[Brief descriptive captions]
━━━

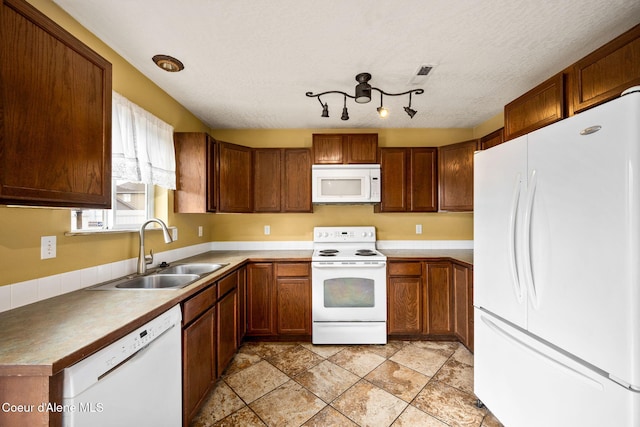 kitchen with a textured ceiling, white appliances, brown cabinets, and a sink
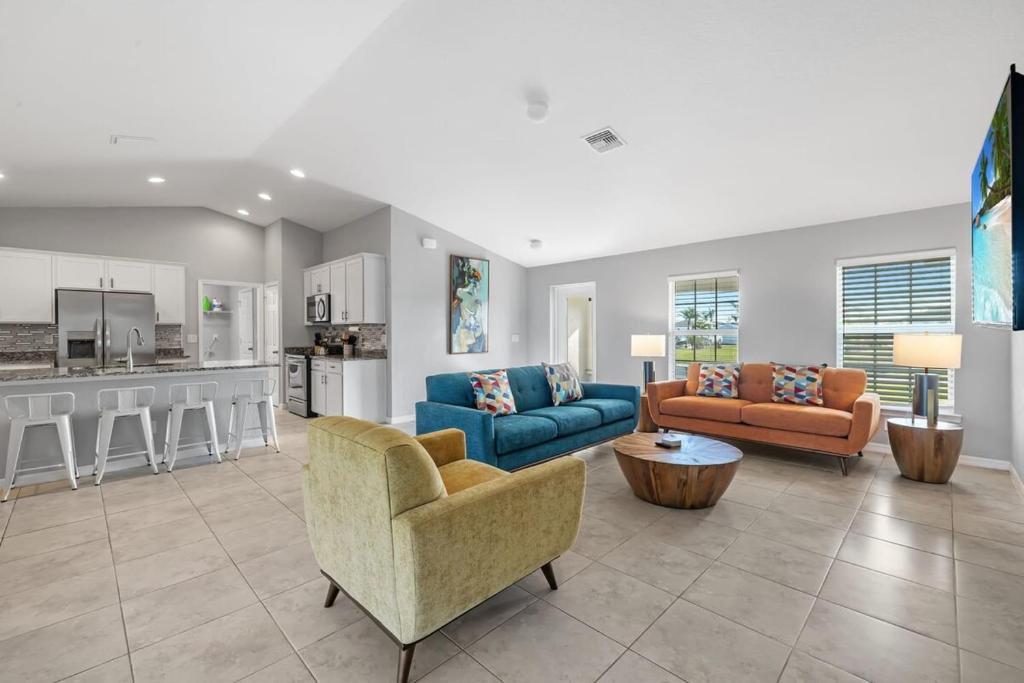 a living room with two couches and a kitchen at The Cape Escape Pet-Friendly Sleeps 7 in Cape Coral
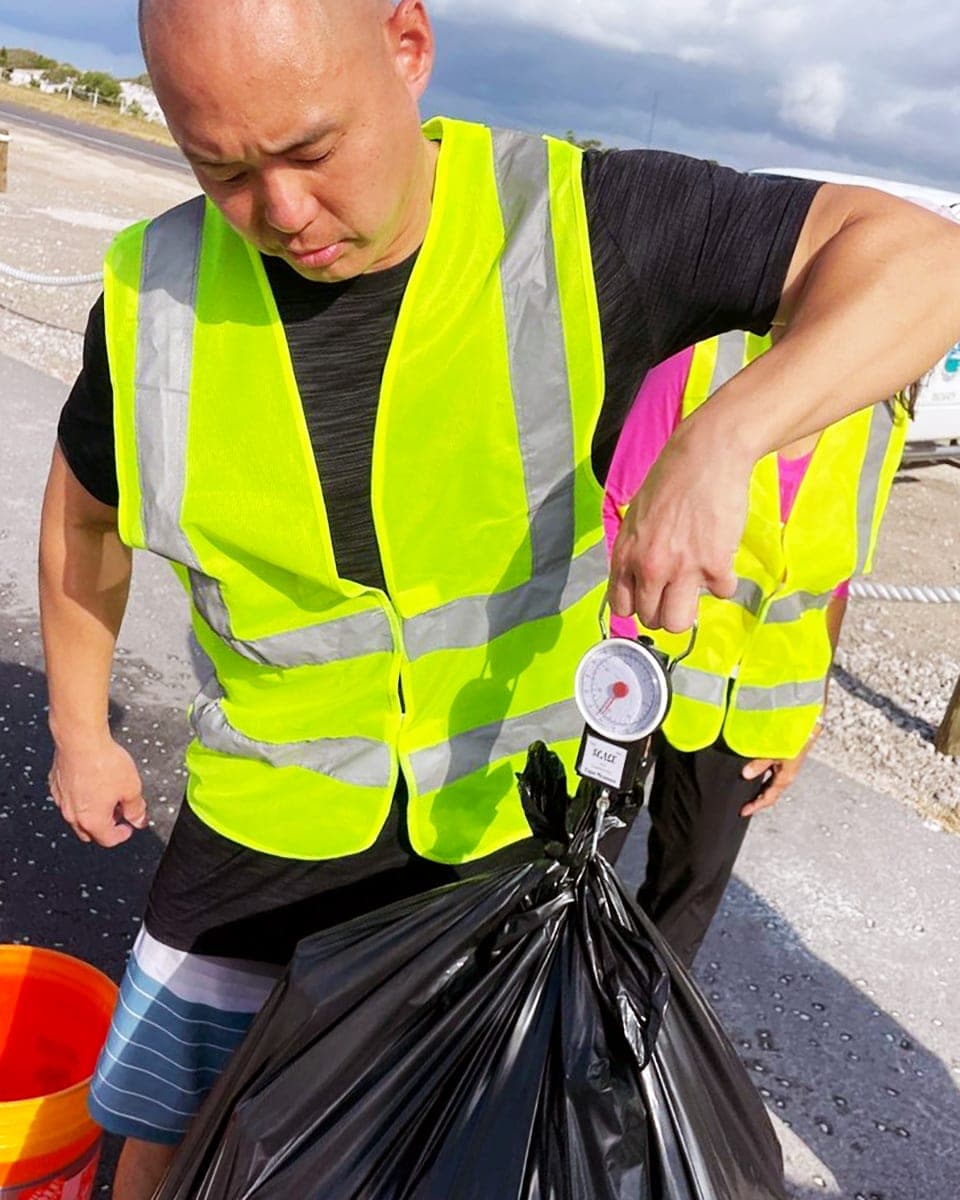 A volunteer in a yellow safety vest weighs a full black trash bag on a hand-held scale at a cleanup.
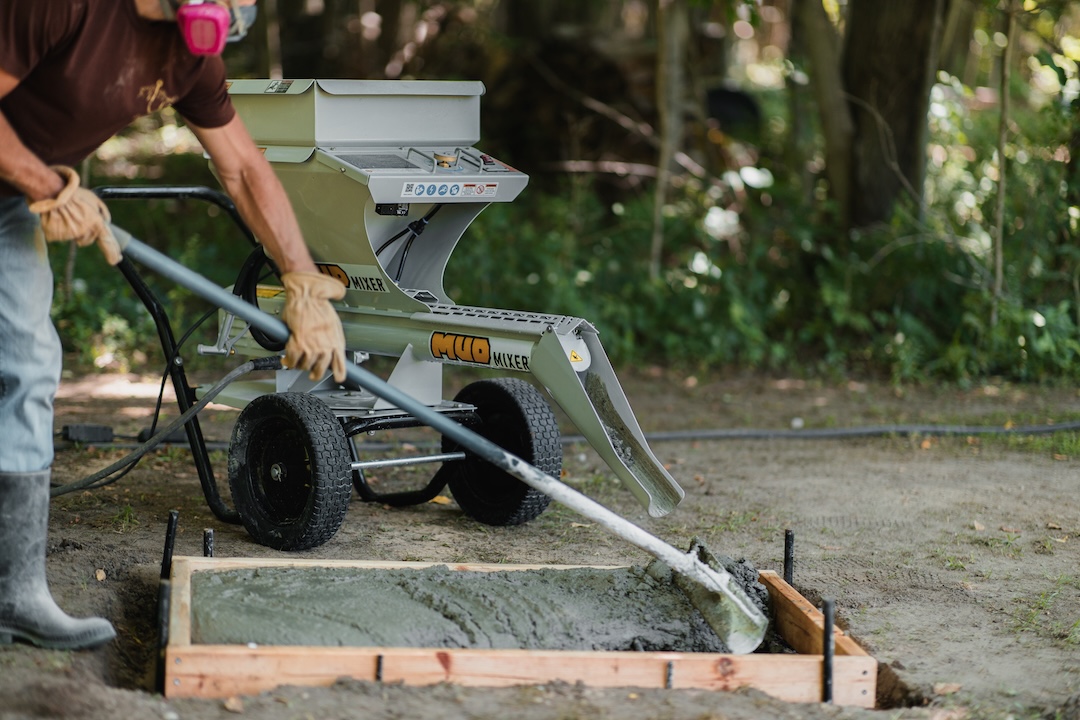 A worker pours concrete from a Mud Mixer machine into a wooden form on the ground.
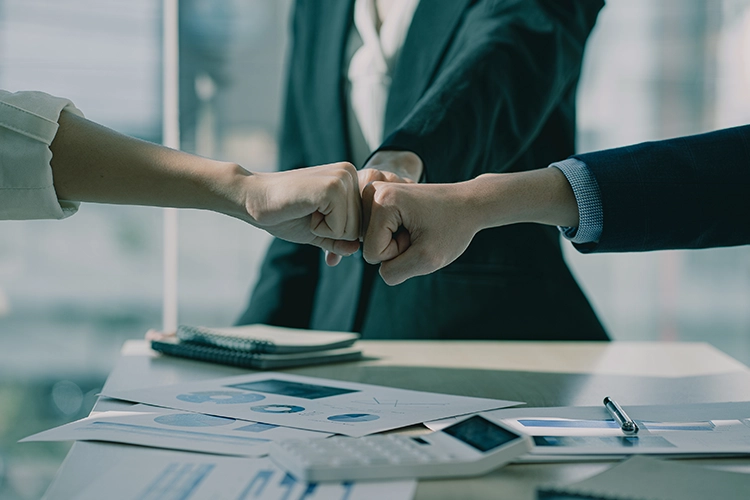 three emotionally intelligent corporate leaders joining hands together over an office desk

━━━

▸ **WORK INSTRUCTIONS**
From the line that contains "a living room" down to the last line of the entries above, copy every line exactly and leave out the pictures.

▸ **YOUR SOLUTION**
 a living room with two couches and a kitchen at The Cape Escape Pet-Friendly Sleeps 7 in Cape Coral
 A volunteer in a yellow safety vest weighs a full black trash bag on a hand-held scale at a cleanup.
 A worker pours concrete from a Mud Mixer machine into a wooden form on the ground.
 three emotionally intelligent corporate leaders joining hands together over an office desk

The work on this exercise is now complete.